One bug occurs when you clock and then undo an ecall instruction. This causes a SIGABRT, possibly from a failed host machine syscall because this is the disassembled code that causes the SIGABRT:

It's expected behavior that one cannot undo past an ecall and expect that whatever sideeffects that ecall had would have been undone. It is technically possible, but i think it's a bit silly since it's a massive pain for people to have to implement undo-ing of all ecalls. However, there should obviously not be a crash when doing this, so that's definitely a bug.

@raccog can you add your assembly program add your program as a test in https://github.com/mortbopet/Ripes/blob/master/test/tst_riscv.cpp?

raccog commented 8 months ago

It's expected behavior that one cannot undo past an ecall and expect that whatever sideeffects that ecall had would have been undone. It is technically possible, but i think it's a bit silly since it's a massive pain for people to have to implement undo-ing of all ecalls. However, there should obviously not be a crash when doing this, so that's definitely a bug.

I'll submit this as an issue soon.

@raccog can you add your assembly program add your program as a test in https://github.com/mortbopet/Ripes/blob/master/test/tst_riscv.cpp?

Sure!

@mortbopet What's your opinion on the effects caused from the ecall instruction seemingly executing at the wrong stage/clock cycle?

The ecall instruction seems to be executed during the fetch stage instead of the execute stage. In the single-cycle processors, this causes the ecall instruction to be executed during the previous instruction's clock cycle instead of during the following clock cycle. On multi-cycle processors without hazard detection units, this causes the error Unknown system call in register 'a7': 0 to appear. This is just what I think is happening from the testing I've done, I have not gone into the VSRTL code to verify my assumptions, yet.

I was wondering if you had any guesses as to why this might be happening. I haven't had the chance to look deeply at the VSRTL code yet to check my assumptions.

It only really seems like a problem in processors without hazard detection. I see similar bug reports in #275 and #233. In #233, you stated:

The pipelined processors without hazard units are not supposed to execute a program correctly. They are meant as intermediate design points to be able to illustrate why hazard detection and resolution is required for a pipeline. It should probably be more clear in the program/processor selection dialog that these processors aren't guaranteed to produce correct results..!

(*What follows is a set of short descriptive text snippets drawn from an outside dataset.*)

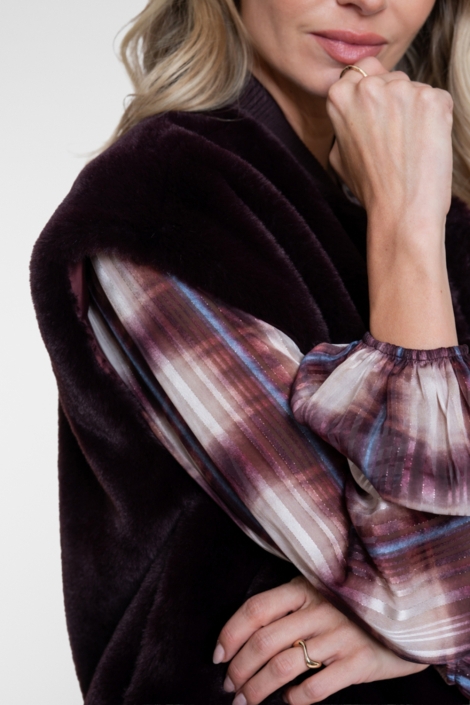 Geisha bordeaux dames vest | Close up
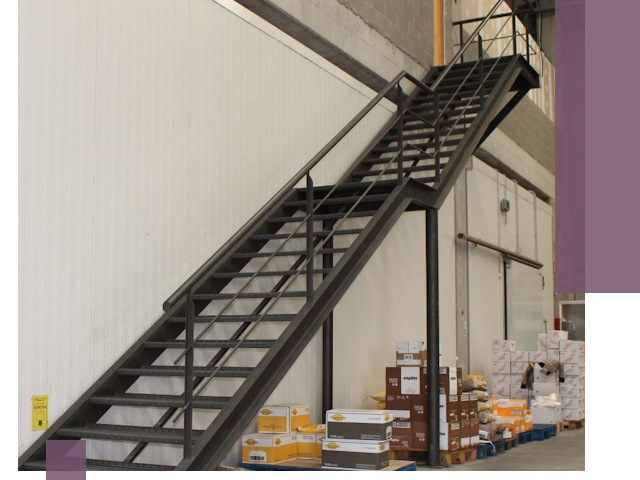 Лестницы для производства в Петергофе — изготовление и монтаж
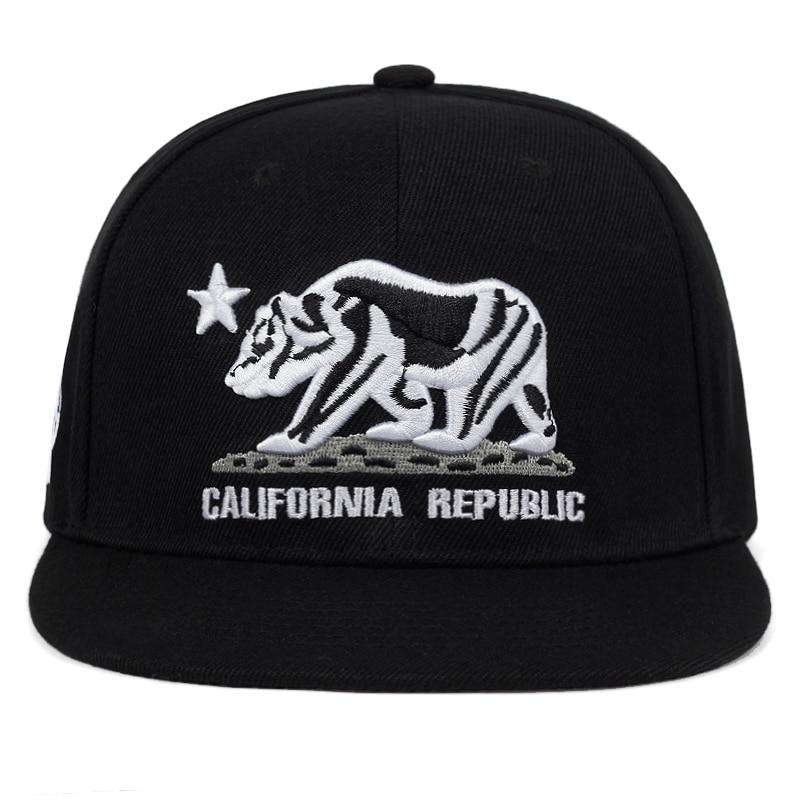 Gorra vintage con osito de California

So, is the Unknown system call in register 'a7': 0 error message considered normal for processors without hazard detection? Do you think it might be beneficial (or possible) to tell the user in this message that the error was caused by the lack of hazard detection in the processor? Or maybe write as a note in the processor's description that normal ecall usage is likely to fail?

mortbopet commented 8 months ago

So, is the Unknown system call in register 'a7': 0 error message considered normal for processors without hazard detection? Do you think it might be beneficial (or possible) to tell the user in this message that the error was caused by the lack of hazard detection in the processor? Or maybe write as a note in the processor's description that normal ecall usage is likely to fail?

I think it should be made clear(er) in the processor description. I'm unsure whether it's a good idea to add it to the error message, since it'll require some fairly processor specific logic (when's it a hazard related issue vs. actual unknown system call?) which (as you know) i like to keep away from Ripes (i.e. Ripes is a generic front-end for ISAs and their processor implementations).